I’m near the end of the glorious downtime that occurs only once in the daytime hours. Both babies are asleep. As parents know, an hour lasts 120 minutes when your kids are awake and 30 minutes when they’re not. So this is the most valuable time of the day for me. It’s my 1909 T206 White Border #366 Honus Wagner baseball card*, if you will. This is when I take my laptop outside and write this blog.

It’s another great day out, too. Even the faint smell of Liggett Lady’s secondhand smoke and the sound of her intermittent hacking cough seem to be harmonious with nature. Only the back issues of the Farmer’s Almanac will be able to say for sure, but I suspect this September and October have been home to the most beautiful days I’ve ever slept through.

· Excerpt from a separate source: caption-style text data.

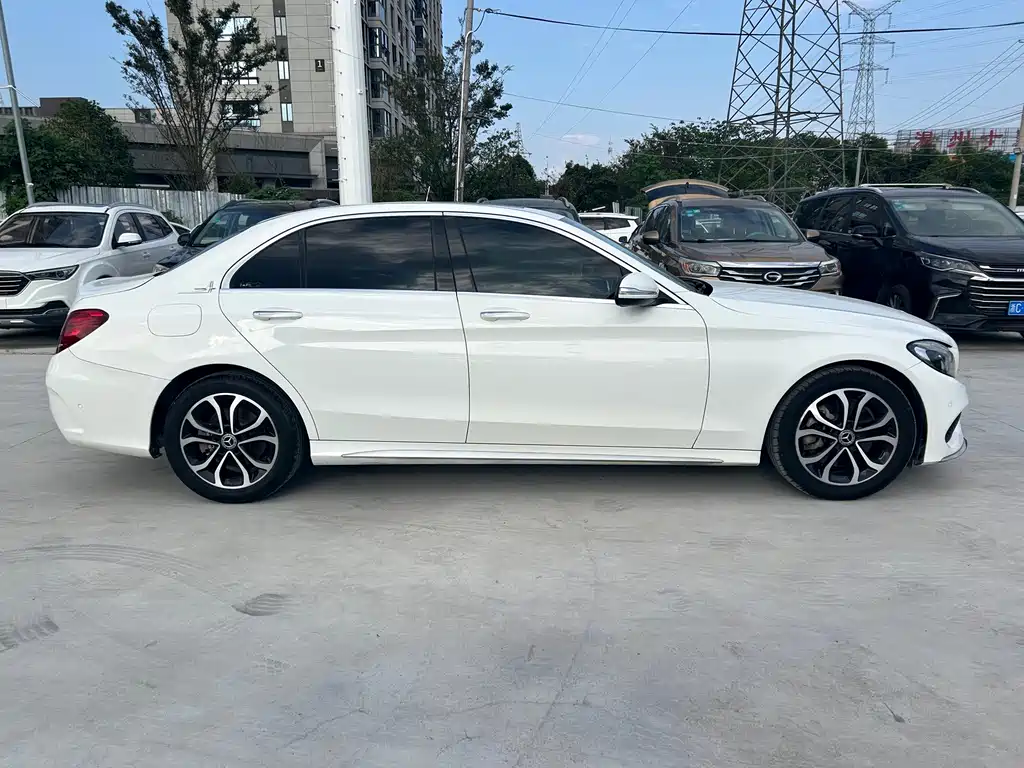 Mercedes-Benz C-Class — миниатюра 7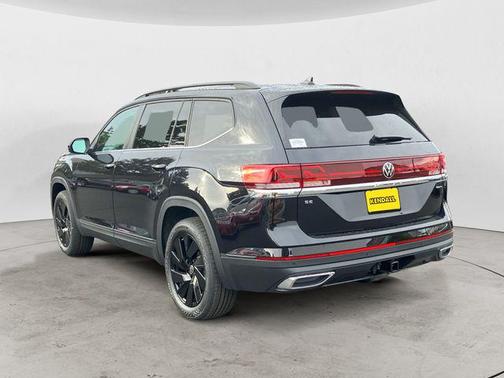 Deep Black Pearl 2026 Volkswagen Atlas 2.0T SE w/Technology 4MOTION
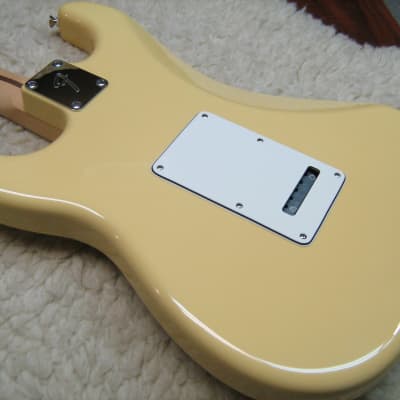 Fender 2023 MIM Stratocaster Player HSS Buttercream w/Fender Deluxe HSC image 5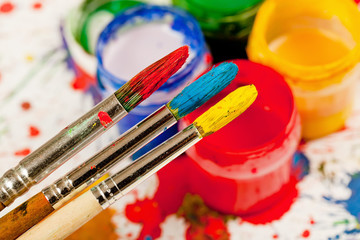 Obraz premium Brushes, paints, pencils for drawing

This is the fourth day I’ve been getting around with a cane rather than crutches, and it’s been a major advancement for me. My in-laws are still taking good care of Sarah and Silas, for which I’m extremely grateful. Tiffany comes up on the weekends, too, but each day sees me resuming more and more of the responsibilities of caring for my own children.

Probably one more week of assisted-living exile, and I’ll be back at home, facing 45 hours a week of solo daddy time. I’m having to relearn old stuff and freshly learn new stuff. My body’s still healing, too, which leaves me feeling exhausted a lot more easily. It’s hard for me to resist sleeping when they sleep, and nap time is over far too quickly.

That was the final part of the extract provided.